After a quiet start to the week we will see event risk pick up with U.K. manufacturing, German ZEW, U.S. pending home sales and a rate decision from the Bank of Canada.
Asian Trading Session
12/08, 18:50 ET
Japanese GDP (3Q F) – The final reading for 3Q Japanese GDP will cross the wires during Asian trading and economists are expecting a revision lower to -0.2% from -0.1%. The annualized reading is also expected to show that the current recession is deeper than expected with a 0.9% decline in growth revised lower from the preliminary reading of -0.4%. The Yen may already be on the run due to the current bout of risk appetite and the dour data could add to the weakness.
European Trading Session
12/09, 04:30 ET
U.K. Industrial Production (Nov) – Industrial production in the U.K. is expected to show zero or negative growth for the eight straight month according to a Bloomberg survey which is predicting a 0.5% decline in November. The Year-over-year figures are expected to decline by 3.2% as the credit crisis has sapped global demand. The fact that the recent weakness of the Pound hasn’t made British goods more attractive will lower the outlook for future growth. The BoE may be forced to continue their aggressive easing policy which will remain a weighing factor for the Sterling.
12/09, 05:00 ET
German ZEW Survey (DEC) – Last month’s German investor confidence unexpectedly rose on the back of declining oil prices and rate reductions by the major central banks. However, the declining outlook for the global economy is expected to dampen optimism in December. However, we could see the recent deeper then expected ECB rate cut raise hopes which could lead to a better than expected print. The indicator can at times be market moving, but doesn’t garner the same attention as the IFO reading latter in the month. A reverse in confidence could weigh on the Euro reversing its recent gains.
US Trading Session
12/09, 09:00 ET
Bank of Canada Rate Decision – The BoC is expected to cut their benchmark rate by 50 bps as the downside risks to the economy continue to increase. The raw material rich country continues to be hurt by falling commodity prices and declining exports from its main trading partner the U.S. Considering the aggressive easing that we saw from the European central banks, a deeper than expected cut is a possibility. A rate reduction is significant event risk for the currency and we should see the “loonie” weaken due to it. However, an expected cut and a signal from Governor Carney that the current easing policy is ending may spark bullish sentiment.

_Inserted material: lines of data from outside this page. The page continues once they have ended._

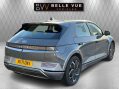 Hyundai IONIQ 5 IONIQ 5 Premium BEV 5dr - NATIONAL DELIVERY* 3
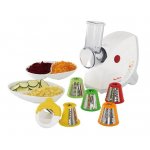 Moulinex ME41513E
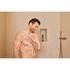 Therme Men Oriental Hammam Foaming Douchegel 200 ML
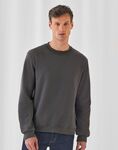 ID.002 Cotton Rich Sweatshirt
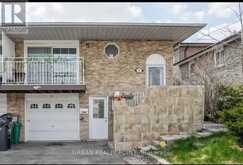 52 FALLWAY ROAD E | Brampton Ontario | Slide Image One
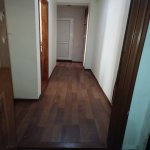 Satılır 2 otaqlı Yeni Tikili Xırdalan 11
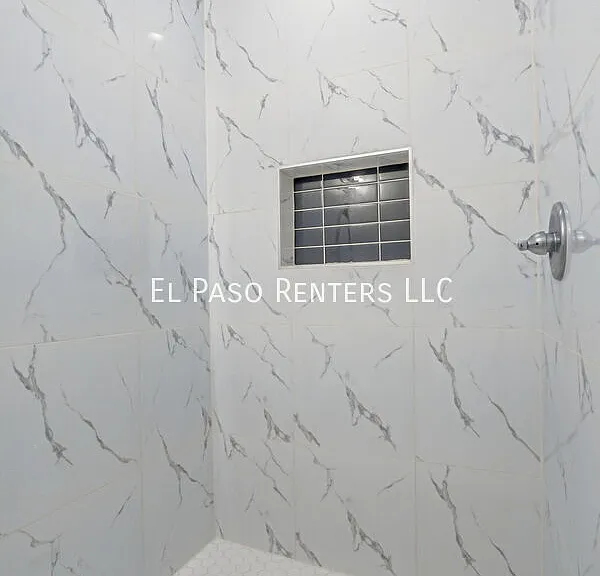 11189 Ebb Tide Dr — Photo 38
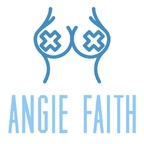 Download angiefaith OnlyFans content for free 

 profile picture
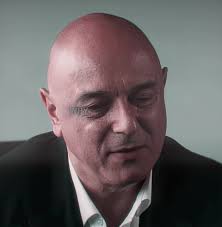 Levi Simon Returns to Hendon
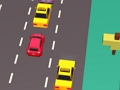 Žaidimas 3D juostos keitimas  internete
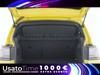 Volkswagen T-Cross 1.0 tsi 115cv r-line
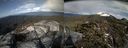 ./images/calvert/buxton2/20150405/buxton220150405_180503M.jpg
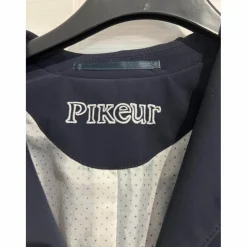veste concours pikeur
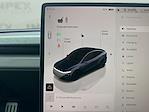Used 2026 Tesla Model Y Premium for sale #1TC5522 - photo 24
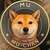 Mu-chan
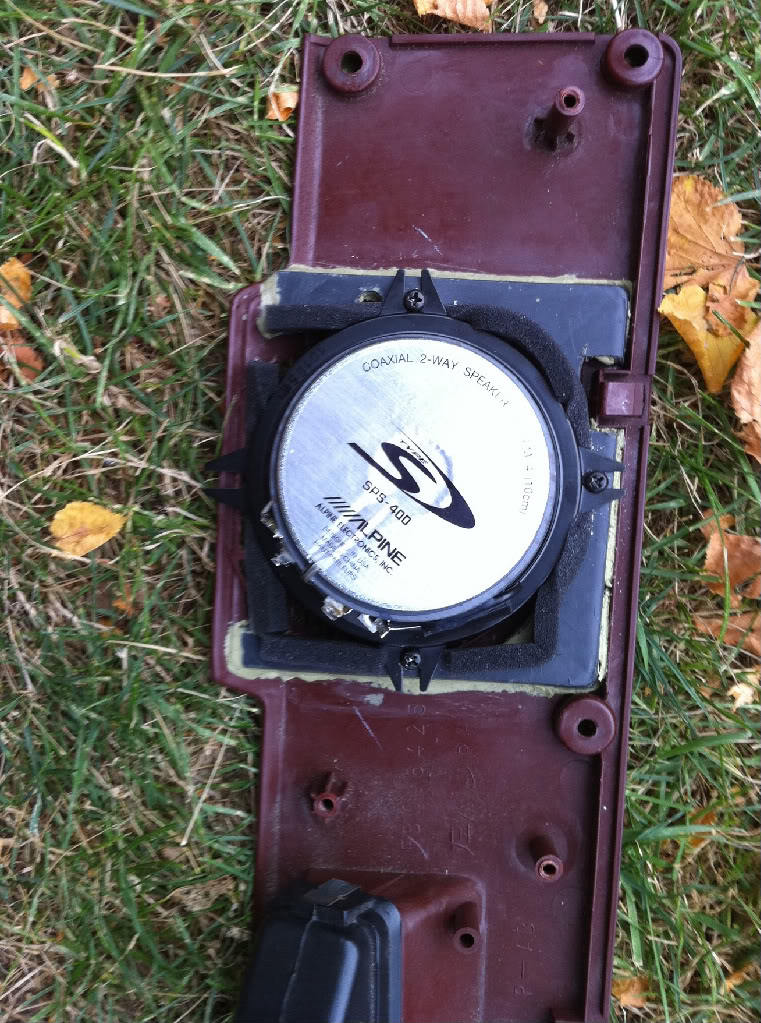 Name:  IMG_0040.jpg
Views: 544
Size:  244.3 KB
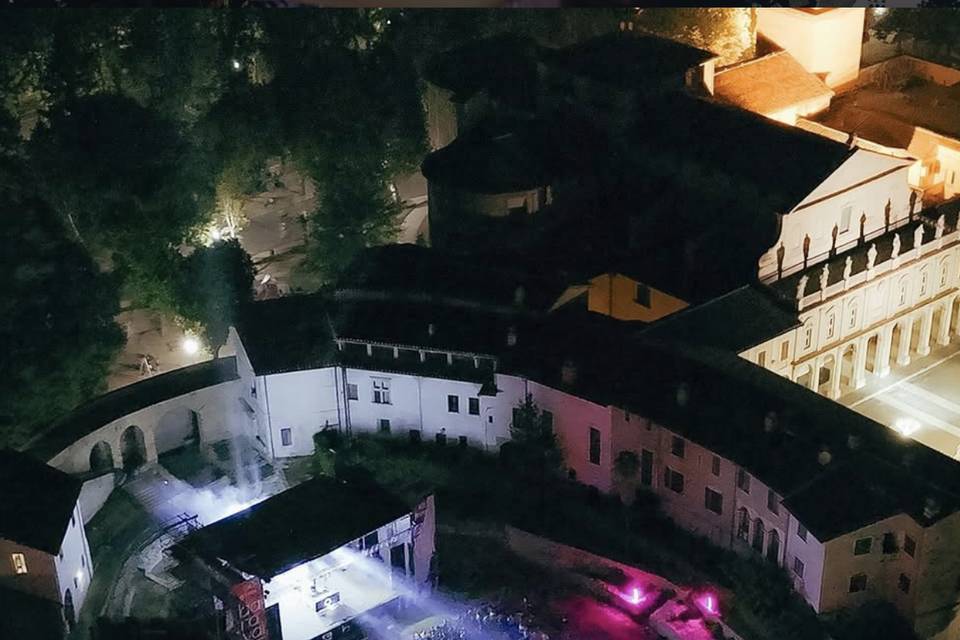 Letz Festival 2024
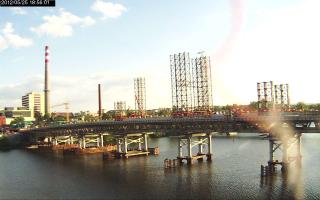 185601_122927917.jpg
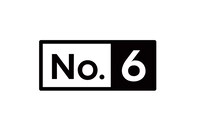No.6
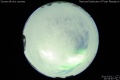 2011/3/12 20:35’40”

Pending Home Sales (OCT) – The housing market is expected to continue showing weakness as pending home sales are forecasted to drop by 3.0% following a 4.6% decline the month prior. Tight credit markets continue to separate sellers from potential buyers and until the housing markets bottoms, we may see further weakness in the U.S. economy. Therefore, a decline in home sales could fuel risk aversion and lead to dollar strength. However, fundamentally the dour data should lead to dollar weakness but the greenback hasn’t traded on that basis since the credit crisis heightened but that doesn’t preclude a return to that correlation.